In diesem Blogbeitrag dokumentiere ich meinen heutigen Workshop, der im Rahmen der Digitagung der Initiative Technik Zukunft in Bayern stattfand. Die Tagung stand dieses Jahr unter dem Motto „Teaching Twin Transition: Digitalität und Nachhaltigkeit“. Für den Workshop habe ich mit einigen neuen Ansätzen experimentiert und mich dabei vor allem von den interaktiven Trainingsmethoden von Sivasailam Thiagarajan (Thiagi) inspirieren lassen.

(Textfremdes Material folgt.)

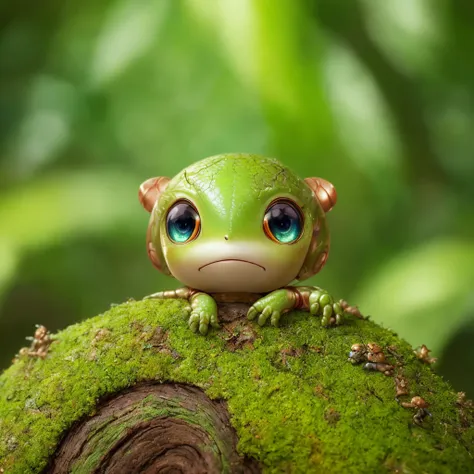 (highly detailed:1.2),(best quality:1.2),8k,sharp focus,(subsurface scattering:1.1),(award-winning macro photography:1.1)
(cute adorable little alien lifeform:1.2), hiding in the leaves in a lush forest
(very detailed clothes:1.2), (highly detailed background:1.3), (chibi:1.2), (hyperrealistic:1.2), cinematic lighting, highly detailed,smooth, sharp focus, by artgerm wlop greg rutkowski,[(emb-rrf2:1.0):4]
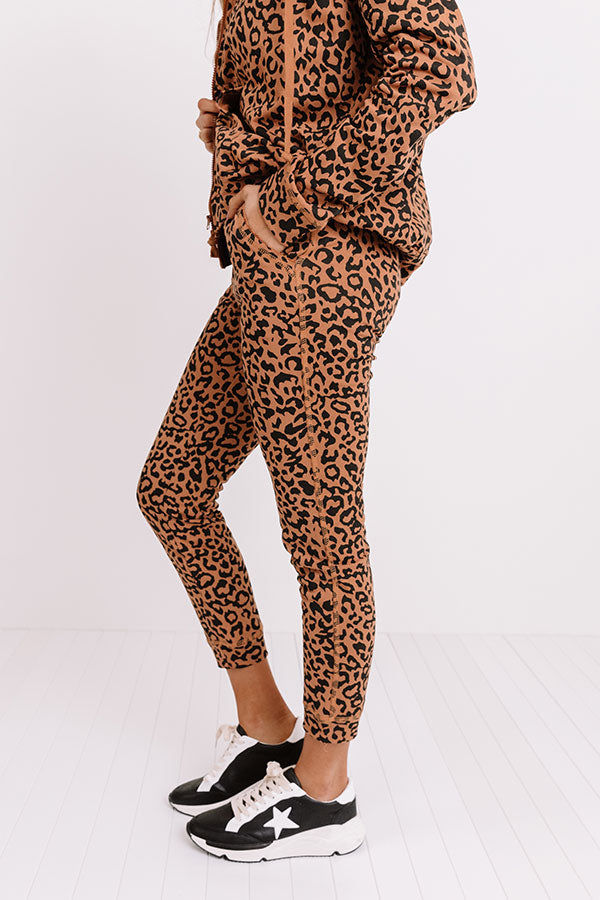 Perfectly Cozy Leopard Joggers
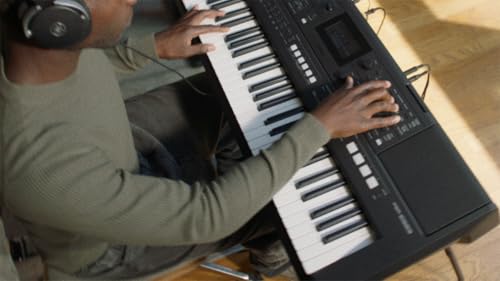Image of Yamaha PSR-E483 61-Key Touch-Sensitive Portable Keyboard with Sound, Music Rest and Power Adapter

Ziel und Rahmen des Workshops
Der zweistündige Workshop richtete sich an Lehrkräfte von weiterführenden Schulen in Bayern. Sie sollten ein „Methoden-Update“ erhalten. Es ging also um methodische Inspirationen für selbstbestimmtes, kreatives und kollaboratives Lernen.
Da man Methoden nicht gut theoretisch vermitteln kann, sondern sie am besten praktisch ausprobiert, haben wir genau das gemacht. Die Lehrkräfte waren in der Rolle von Lernenden, die sich das Thema „methodische Gestaltung von Lernen in einer veränderten Lernkultur“ mit den von mir vorbereiteten Methoden erarbeiteten. So konnte selbstbestimmtes, kollaboratives und kreatives Lernen zugleich praktisch erlebt werden.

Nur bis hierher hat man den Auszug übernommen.